「経費」と「控除」の違いとは?
経理
確定申告時や個人事業主、経営者の方はよく聞く「経費」と「控除」。今回はその違いとそれぞれ押さえておくべき基本的な知識について解説いたします。
経費とは?
確定申告の時期になると、「経費」の計上という言葉を聞くことが多いでしょう。確定申告で税金を計算し確定するには、「経費」を正しく理解する必要があります。
ここでは「経費」についてお伝えします。
「経費」は法人税などの計算で認められる費用
売上を得るために必要で、法人税などの計算に認められた費用を「経費」といいます。
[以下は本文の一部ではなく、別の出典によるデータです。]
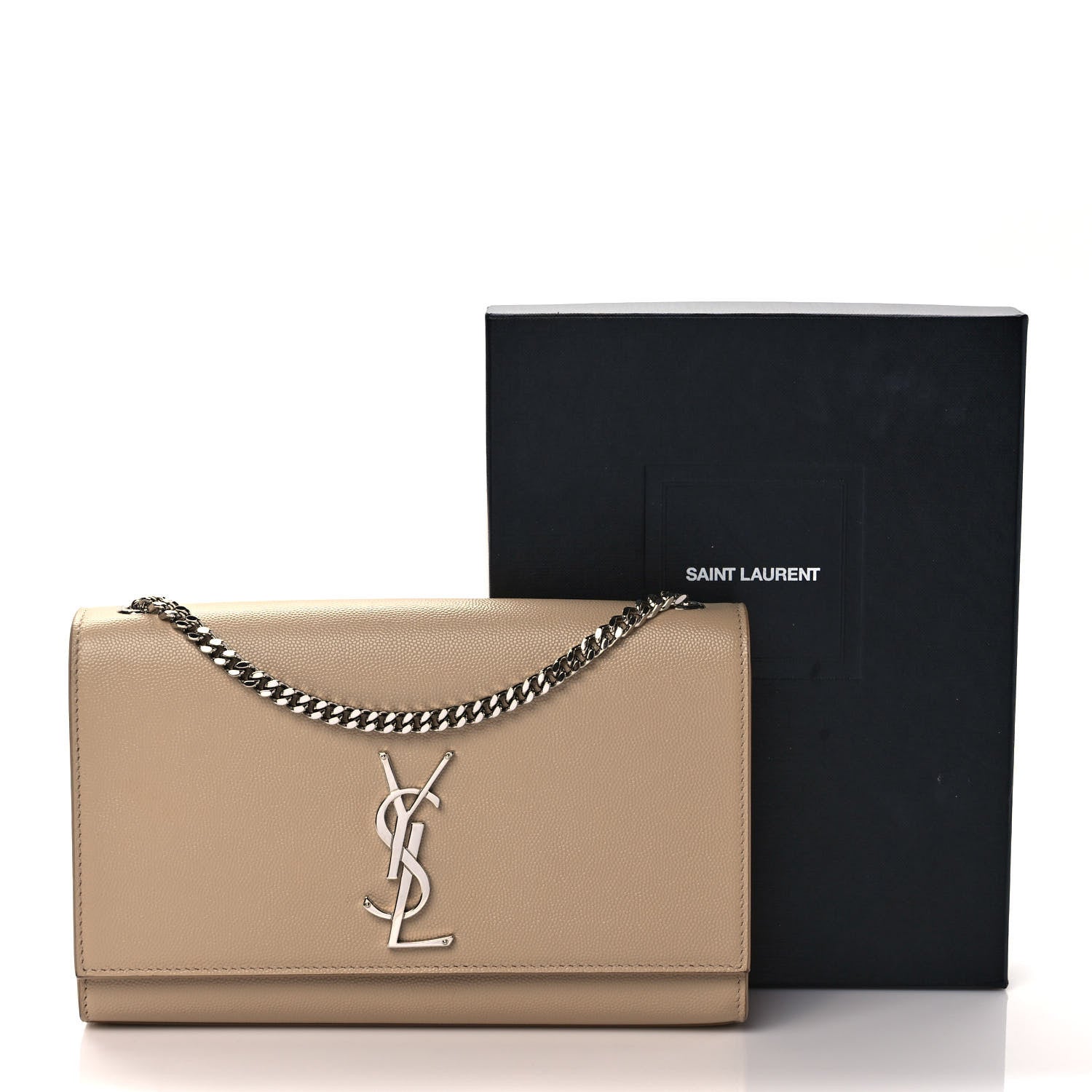 Saint Laurent Grain De Poudre Medium Monogram Kate Satchel Dark Beige 10 of 10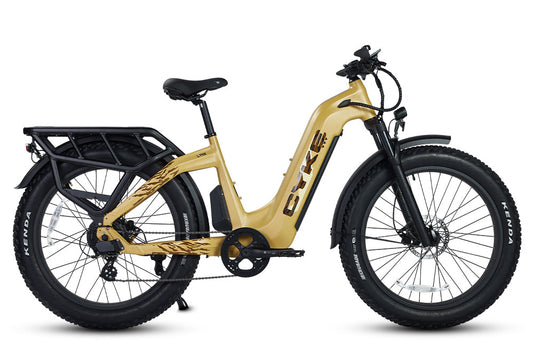 Yellow eBike Cyke Lynx bicycle with a sleek frame, black tires, and modern design, shown from a side angle.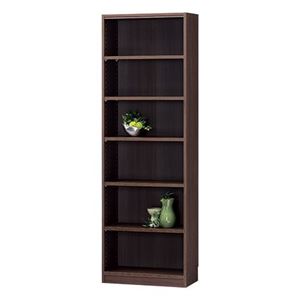 フリーラック/収納棚 【ダークブラウン】 幅590×奥行290×高さ1800mm 移動棚付き 組立式 『タナリオ』 〔リビング〕【代引不可】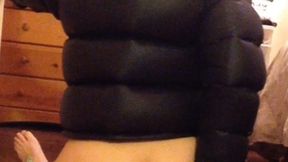 My View Of Reverse Cowgirl In A Black Puffy Down Jacket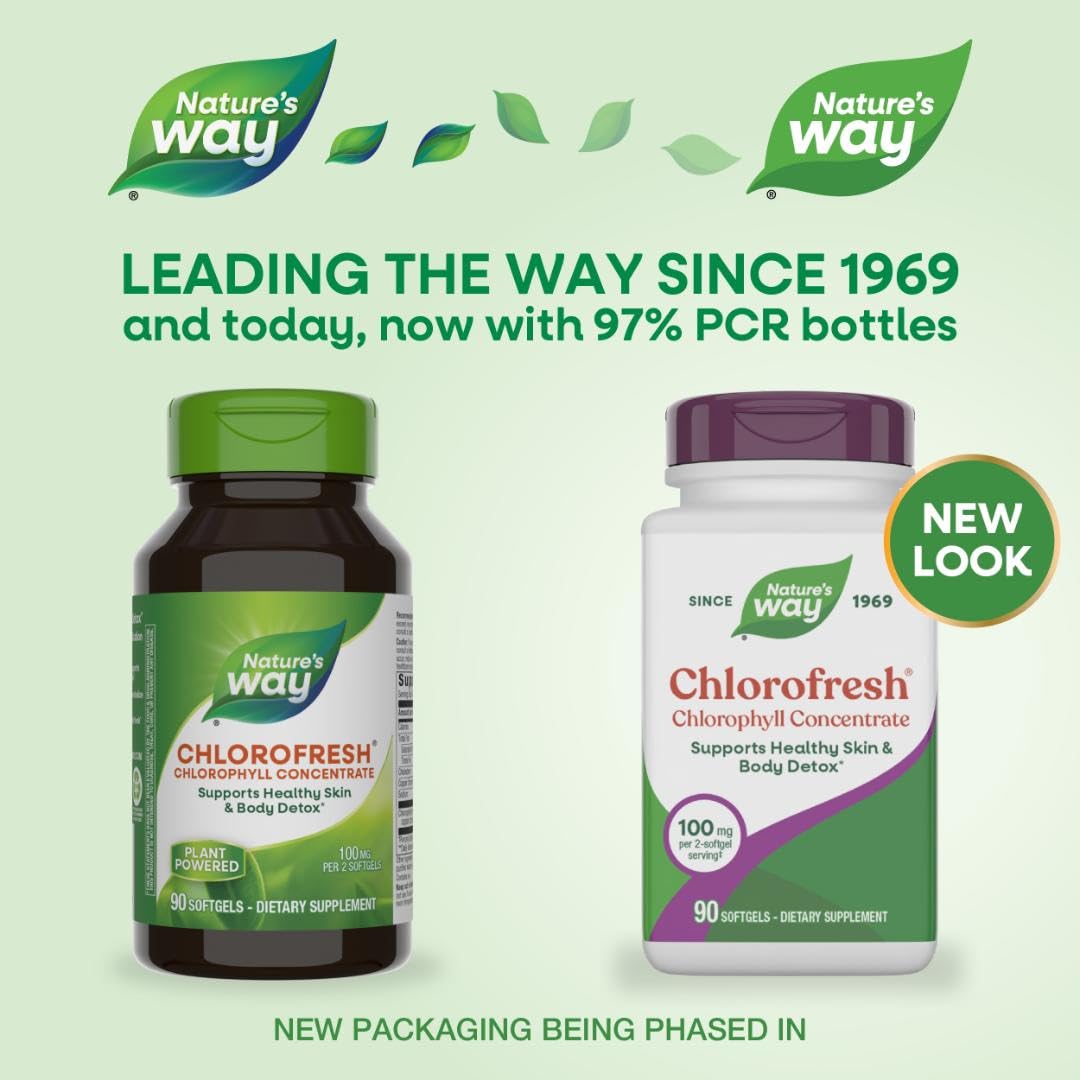 Nature’s Way Chlorofresh Chlorophyll Concentrate Softgels, Chlorophyllin Copper Complex, Internal Deodorant Supplement, Supports Healthy Skin and Detox Pathways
しかし、法人税などの計算では、「経費」と認められないものもあり、「経費」とみとめられるものを確定申告では計上することが大切です。
「経費」として認められるもの
原則として、売上に必要な費用が「経費」として認められます。以下に経費になるものをご紹介します。
・人件費
会社の固定費の中で大きなウエイトを占める人件費は、経費として認められます。人件費には、給与、賞与、退職金などがあります。
・旅費交通費
出張での移動や宿泊に要した費用は、経費として認められます。
・交際費
顧客との会食代も、条件を満たせば経費として認められます。また、冠婚葬祭の祝金や香典なども経費として認められます。
ほかにも「経費」として認められるものが数多くありますので、「経費」として認められるかは、国税庁のホームページや顧問税理士などに相談してみるとよいでしょう。
会社員の給与所得では「経費」を認められていない
給与所得では、会社の経理のように「経費」を認められていません。そのかわり、所得税では「控除」が認められています。「控除」については、次に記載しているため、そちらを参考にしてください。
控除とは?
年末調整で「控除」額を計算します。「控除」と「経費」は異なりますので、内容を理解することが大切です。ここでは、「控除」について基本的な知識をお伝えします。
「控除」は所得税の計算で認められる費用
一般的に「控除」とは、年末調整時に所得税の計算で認められる、1年間の個人に要した費用をいいます。個人が働き生活をするために要する費用を「控除」とイメージすると理解も深まります。
「控除」として認められるもの
「控除」として認められるものを、「所得控除」といいます。「所得控除」には「人的控除」と「物的控除」がありますので、以下でご説明します。
・「人的控除」
社員の配偶者や扶養家族に応じて、費用として認められる金額のことをいいます。
・「物的控除」
社員が一年間に支出した、生命保険料や社会保険料などのことをいいます。こちらは実際に支出した金額で控除額を決定します。
なお「控除」にはさまざまな規定があるため、詳細については、必要に応じて調べてみてください。
所得税額の「税額控除」とは
「控除」と混同しやすい用語に所得税額の「税額控除」があります。所得税額の「税額控除」とは、一度計算した税額から直接控除できる金額のことをいい、配当控除、外国税額控除、寄付金控除、住宅借入金控除などがあります。
他にも「税額控除」はありますので、国税庁のホームページを参考にしてください。
経営者や個人事業主が確定申告時に押さえておくべきポイント
「経費」や「控除」は税額に影響しますので、正確に計上しなければなりません。ここでは青色申告者である、経営者や個人事業主が確定申告時に押さえておくべきポイントをお伝えします。
領収書をなくさずまとめる
まず、経費の証拠となる領収書をなくさないようにしましょう。そして、領収書は日付順に並べて、出金の照合をしやすくしておきます。確定申告時にまとめて領収書の整理をすると、その整理に時間がかかりますので、なるべく月単位で整理することをおすすめします。また、クレジットカードの利用明細は、ホームページからダウンロードしたものでも利用できますので、電子データか印刷して保管するとよいでしょう。
認められない経費を把握する
次に、認められない経費を把握し、確定申告時に経費計上から除外します。特に、経費の条件を満たしていない交際費や福利厚生費は1年間で高額となる可能性があるため、それらを把握しておくことがポイントです。経費として認められるか、そうでないか判断に迷う場合は、税務署や税理士に相談してみてください。
経費を上手に使いキャッシュを会社に残す
経費を使うと税金は安くなり、納税時のキャッシュは少なくなります。しかし、経費を使いすぎると、会社のキャッシュが少なくなり、資金繰りに影響します。
そのため、経費を上手に使い、適切な額のキャッシュを会社に残す工夫が必要です。
確定申告時には経費を確認しますが、適切に使われているか、キャッシュを減らす原因となっていないか、それらを確定申告時に振り返ってみることをおすすめします。
まとめ
経費と控除の違いを押さえたうえで経理業務、確定申告に生かしていきましょう。